Our laboratory previously demonstrated Ca²⁺-independent phospholipase A₂γ (iPLA₂γ) is localized to mitochondria and that iPLA₂ inhibition blocks cisplatin-induced caspase-mediated apoptosis. Whereas the mitochondrial permeability transition (MPT) is a key control point for apoptosis, the role of mitochondrial iPLA ₂γ in MPT has not been established. In the present study, we addressed this issue. Ca²⁺-induced renal cortex mitochondrial (RCM) swelling was blocked by the MPT inhibitor cyclosporine A. The R-isomer of bromoenol lactone (R-BEL), which enantiospecifically inhibits iPLA ₂γ, inhibited Ca²⁺-induced RCM MPT, whereas S-BEL (negative control) had no effect.
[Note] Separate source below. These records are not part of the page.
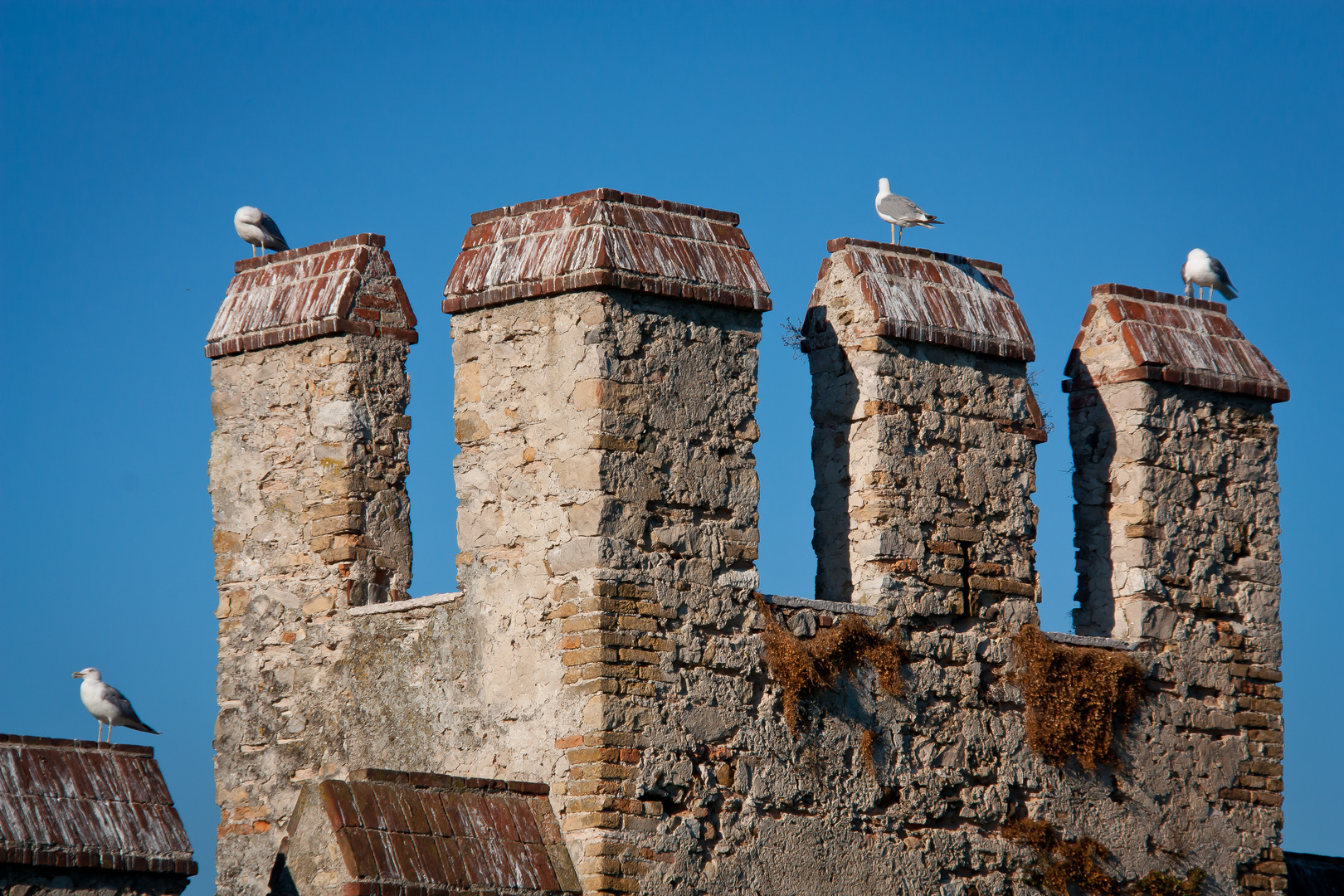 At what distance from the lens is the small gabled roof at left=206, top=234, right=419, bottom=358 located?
12.6 meters

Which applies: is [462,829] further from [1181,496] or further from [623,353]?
[1181,496]

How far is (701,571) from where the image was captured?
37.5 feet

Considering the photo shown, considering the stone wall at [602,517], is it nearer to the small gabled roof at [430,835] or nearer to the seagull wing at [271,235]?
the small gabled roof at [430,835]

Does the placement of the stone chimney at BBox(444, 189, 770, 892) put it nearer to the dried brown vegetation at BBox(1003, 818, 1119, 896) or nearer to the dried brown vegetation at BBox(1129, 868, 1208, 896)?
the dried brown vegetation at BBox(1003, 818, 1119, 896)

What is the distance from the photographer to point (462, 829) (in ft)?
35.3

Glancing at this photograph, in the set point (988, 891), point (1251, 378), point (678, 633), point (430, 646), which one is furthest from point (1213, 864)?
point (430, 646)

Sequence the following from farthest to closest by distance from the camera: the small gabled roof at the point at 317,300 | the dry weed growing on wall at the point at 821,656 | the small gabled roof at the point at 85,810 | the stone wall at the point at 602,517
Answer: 1. the small gabled roof at the point at 317,300
2. the dry weed growing on wall at the point at 821,656
3. the stone wall at the point at 602,517
4. the small gabled roof at the point at 85,810

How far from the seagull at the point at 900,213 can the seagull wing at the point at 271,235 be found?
3781 mm

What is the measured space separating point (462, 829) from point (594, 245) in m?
3.16

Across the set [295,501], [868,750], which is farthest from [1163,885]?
[295,501]

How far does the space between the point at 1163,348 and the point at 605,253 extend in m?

Ca²⁺ treatment resulted in a significant increase in free arachidonic acid (AA) (>50 μM) in the RCM suspension that was blocked by pretreatment with BEL. No increases in free myristic, palmitic, stearic, oleic, linoleic, or docosahexaenoic acid were detected after Ca²⁺ treatment. The addition of AA (18 μM) to Ca²⁺-treated RCM with inhibited iPLA₂γ activity restored MPT. We also determined that RCM iPLA₂γ displays higher activity against plasmenylcholine with AA in the sn-2 position than oleic acid. Ca²⁺ exposure significantly increased RCM iPLA ₂γ activity; however, the Ca²⁺-induced activation of iPLA₂γ was not the result of mitochondrial membrane potential dissipation, opening of the MPT pore, or mitochondrial swelling. Taken together these findings provide strong evidence that Ca²⁺-induced RCM MPT is mediated by iPLA₂γ-catalyzed AA liberation.